His parents vehemently disagree and refuse to give up. Chris Gard and Connie Yates have waged a relentless battle against institutional power. Eleven-month-old Charlie has a rare and debilitating chromosomal condition in which his cells cannot replenish essential energy. A natural compound, orally administered, has shown some success as a treatment in the United States.
Going viral: I am Charlie Gard

Going viral: I am Charlie Gard

GLOBAL SOLIDARITY FOR CHARLIE
Last week, after all courts opposed life for Charlie, his death seemed imminent.  A weak promise not to rush the process from the Great Ormond Street Hospital in London met with a tidal wave of global solidarity for Charlie’s parents, including viral posts of multi-language “I am Charlie Gard” arm bracelets.

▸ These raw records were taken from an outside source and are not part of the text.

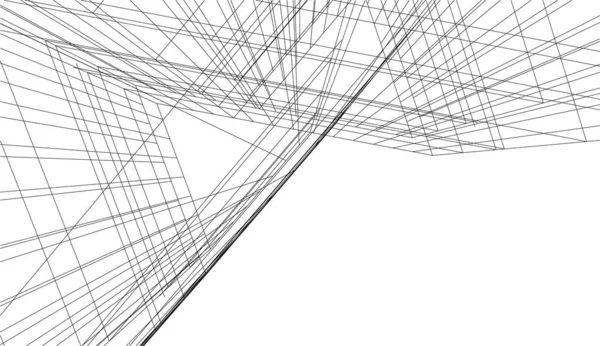 Linhas Abstratas Desenho Conceito Arte Arquitetônica Formas Geométricas Mínimas — Vetor de Stock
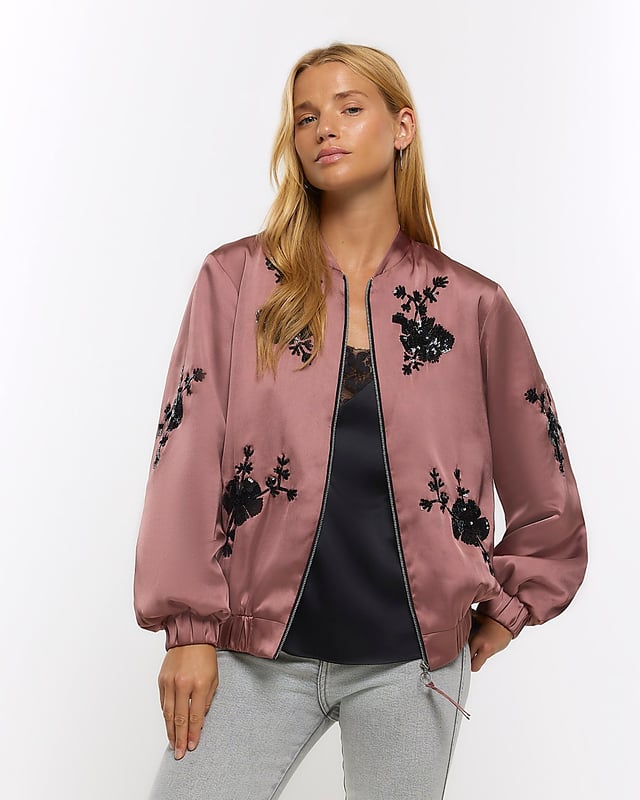 Bomber Jacket Silk Pink Jacket Vintage Silk Bomber Jacket In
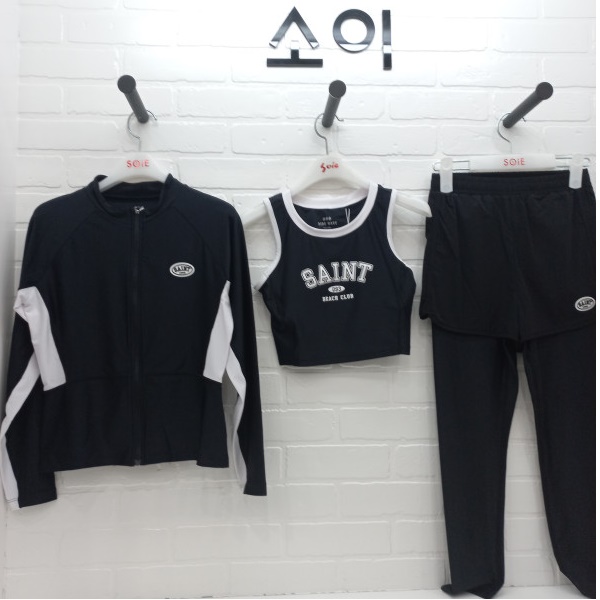 소이 래쉬가드 점퍼 블랙브라탑 3부 레이어드 워터레깅스24M0157 0460 0259- 이랜드몰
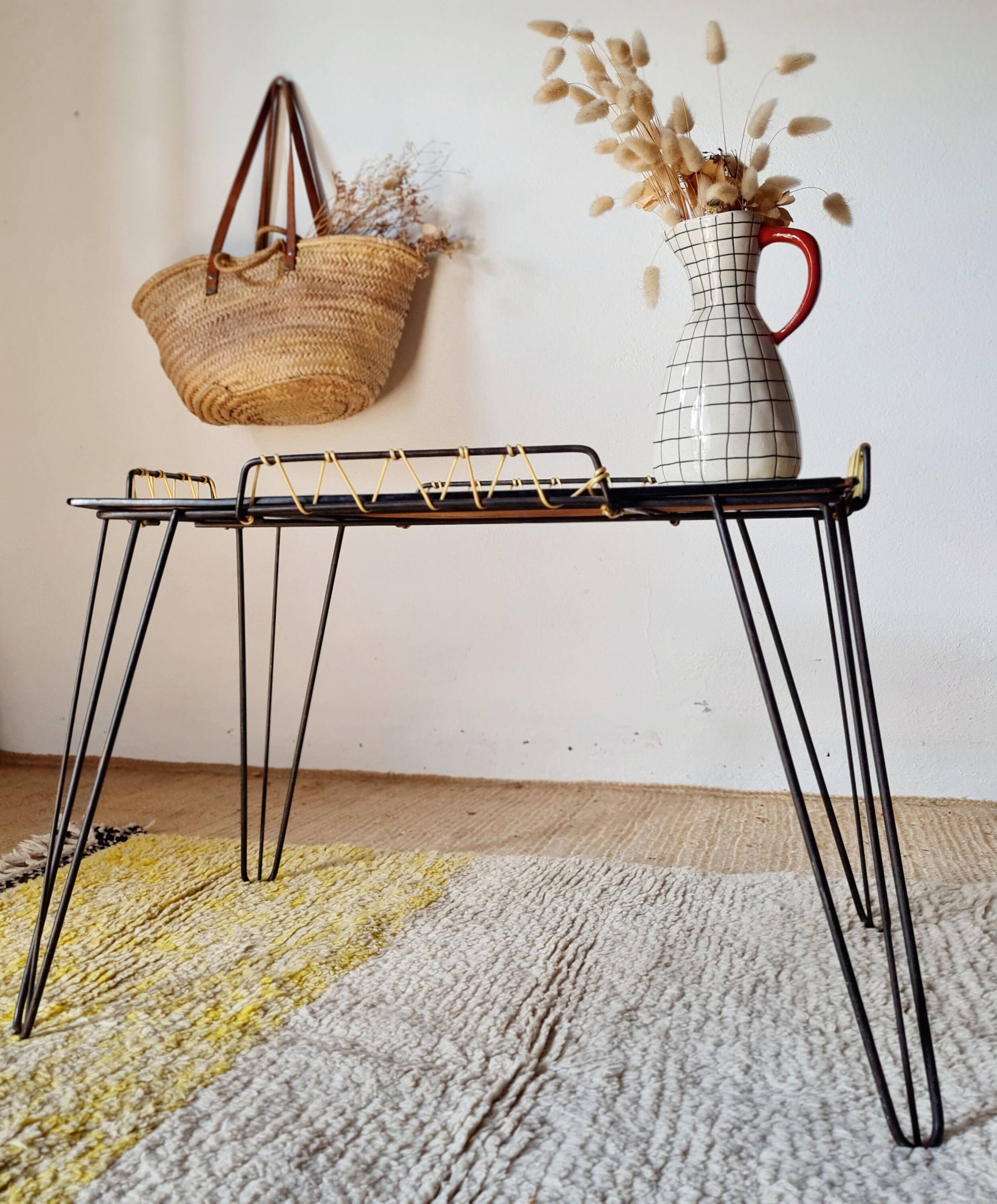 Black metal side table with scoubidou, 1950s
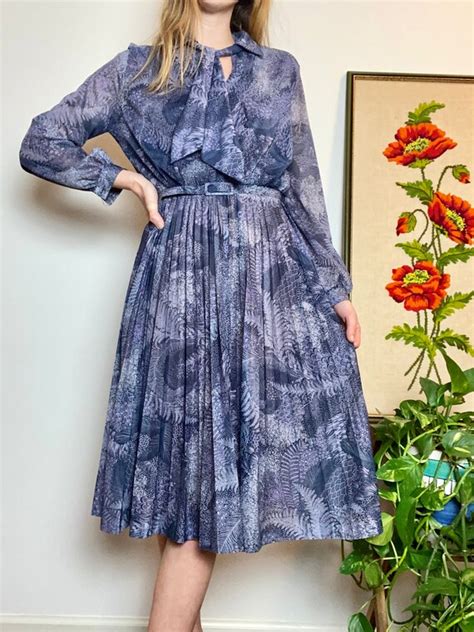 1970s Navy Blue Accordion Pleat Pussy Bow Dress Gem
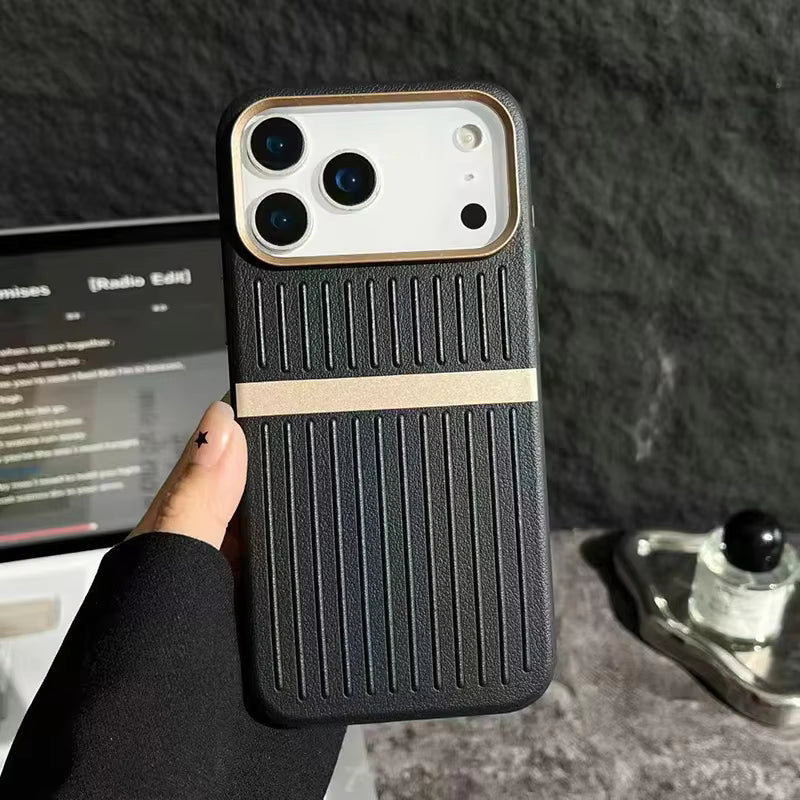 TravelStripe Mag Case – Suitcase Style Vertical Stripe Cover for iPhone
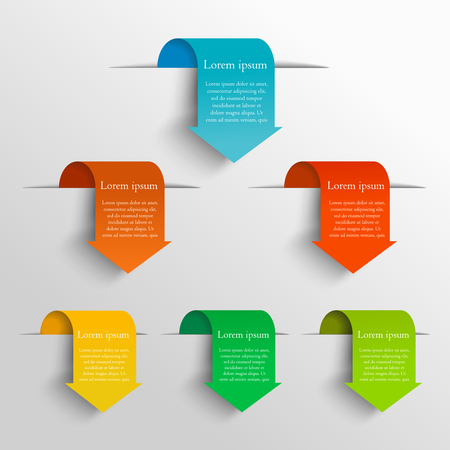 Minimalistic arrow design concept. Can be used for workflow layout, diagram, number and step up options, web design. Infographics background. Set vector arrows in the form of bookmarksのイラスト素材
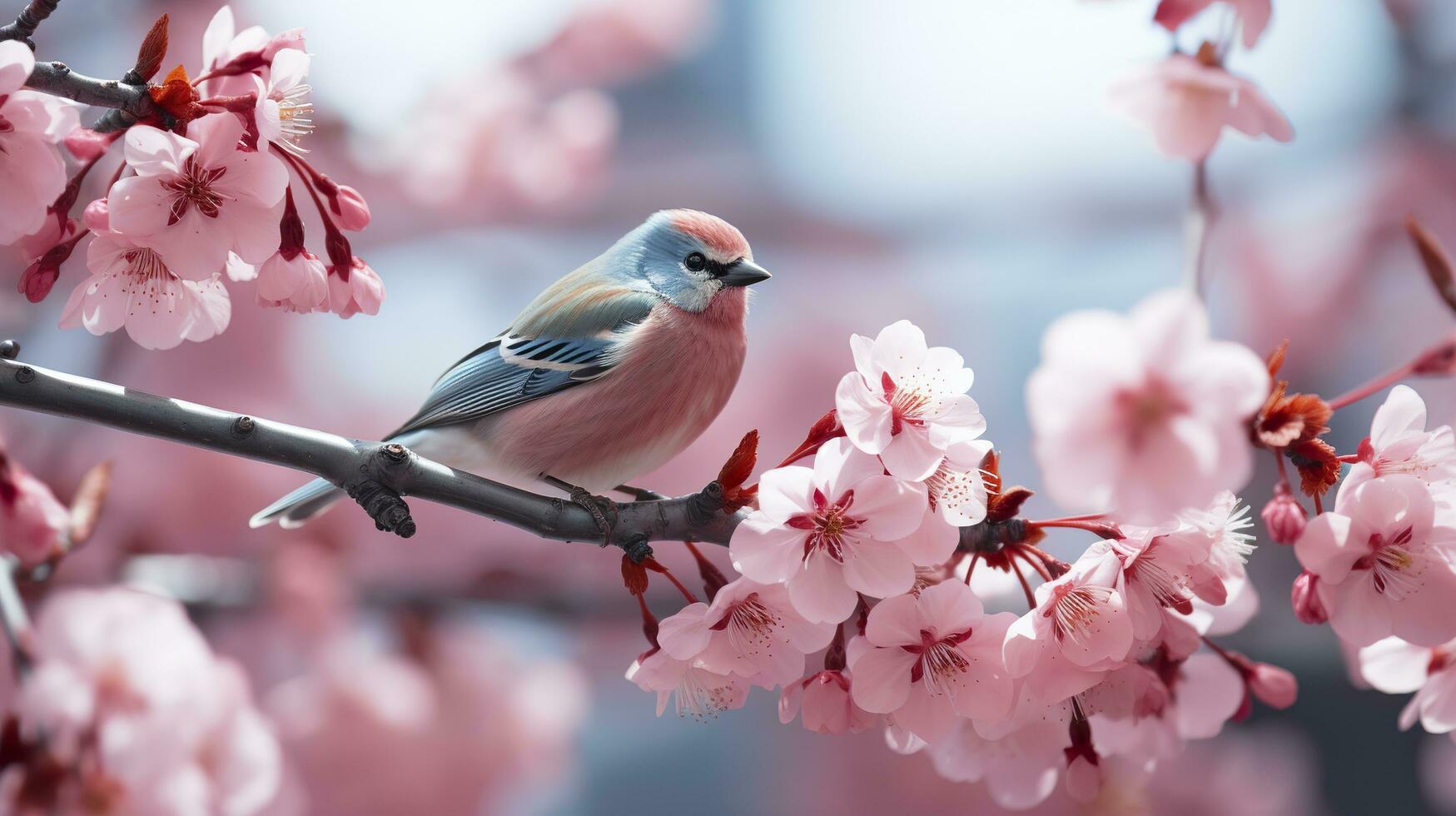 Birds sitting in a tree filled with cherry blossom flowers. Generative AI photo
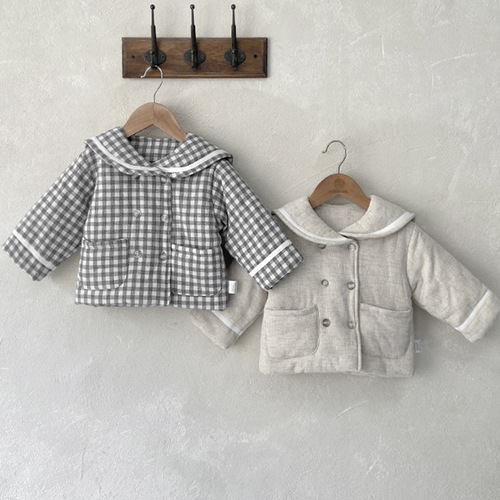 Baby spring cotton-padded jackets for boys and girls, double-breasted large lapel quilted jackets, baby cotton-padded jackets, baby cotton-padded jackets for winter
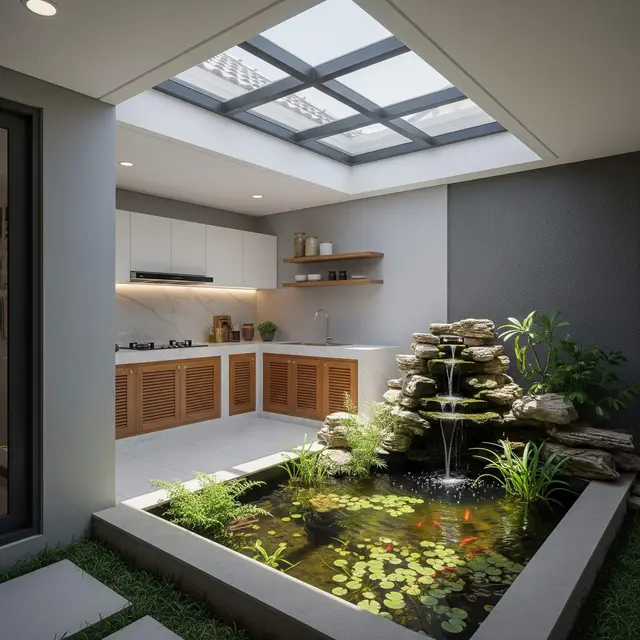 Dapur Semi Outdoor 2,5x2 Meter Rumah Type 45 dengan Skylight dan Taman Samping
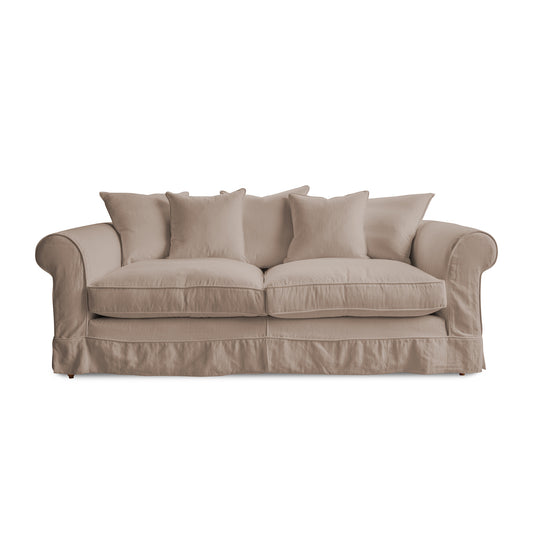 Salthrop Large Sofa with Scatter Cushion in Beatrice Barley - Hand Made in USA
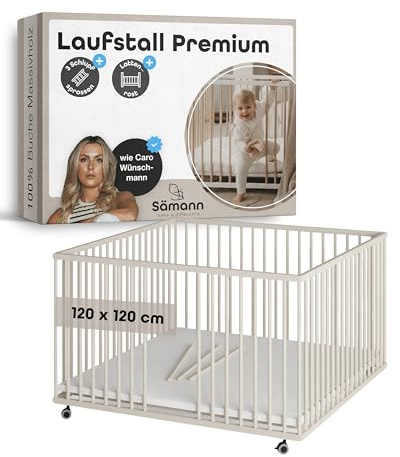 Sämann Laufstall Baby mit Lattenrost & 3 Schlupfsprossen I Sahara Dust 120x120 cm I höhenverstellbares Laufgitter aus Holz I stabiles Babybett I Premium Krabbelgitter sicher & mitwachsend Babys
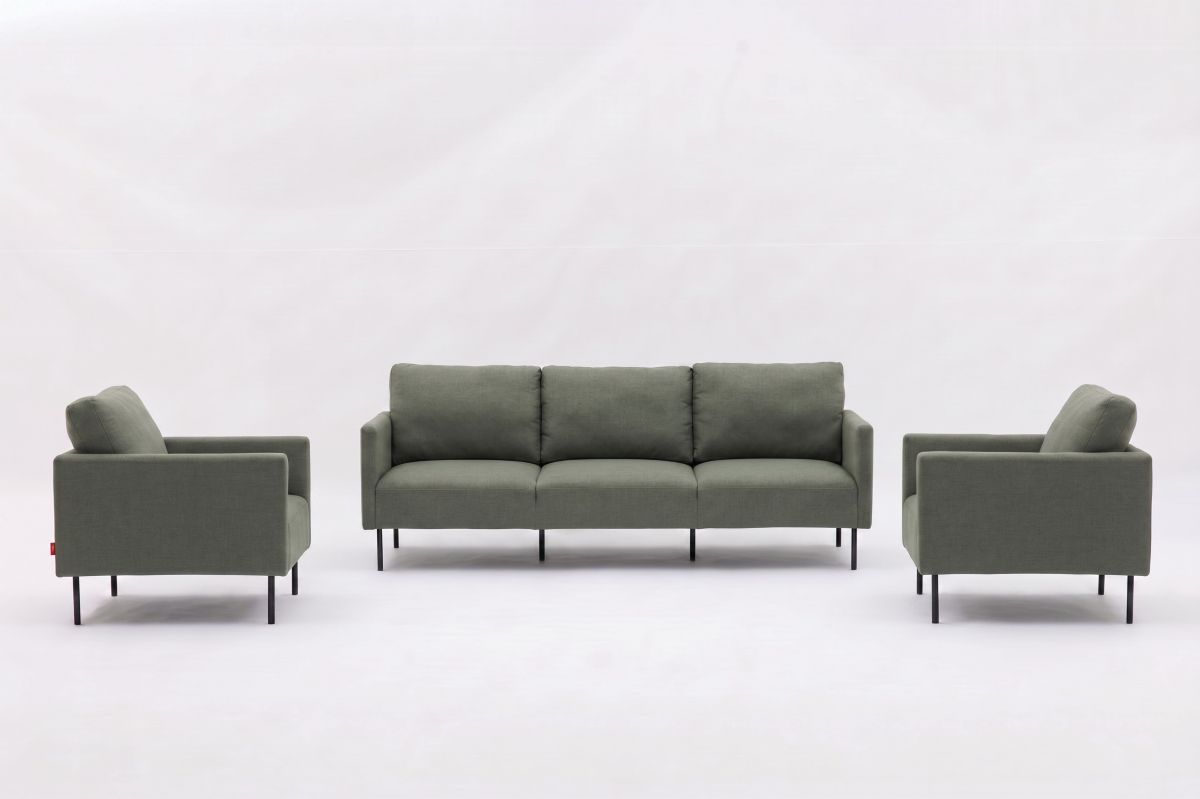milan 3 seater lounge set green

Various public protests and peaceful demonstrations  are increasing. Tonight Liverpool city landmarks are decked out in blue lights for Charlie.

Responding to Charlie’s plight, Pope Francis and President Trump tweeted encouragement to the Gard family.  Connie Yates responded in return, “The support from the Pope and the President has given us hope. They are traditional men who believe in the family.”

Other nations are said to be lobbying on Charlie’s behalf. The Daily Mail’s Martin Robinson reported “Yesterday it emerged the White House has been phoning the family and also the office of Health Secretary Jeremy Hunt. And the international tug-of-love over Charlie intensified as Italy also urged Britain to help save him. The Italian Foreign Minister personally lobbied his counterpart Boris Johnson in a phone call between Rome and London.”

But Johnson rebuffed an offer from the Rome children’s hospital to have Charlie transferred there. Many Twitter users are urging President Trump to send his private plane to rescue Charlie. Get that baby on a jet and give him asylum!” said one.

And we know that the President reads tweets.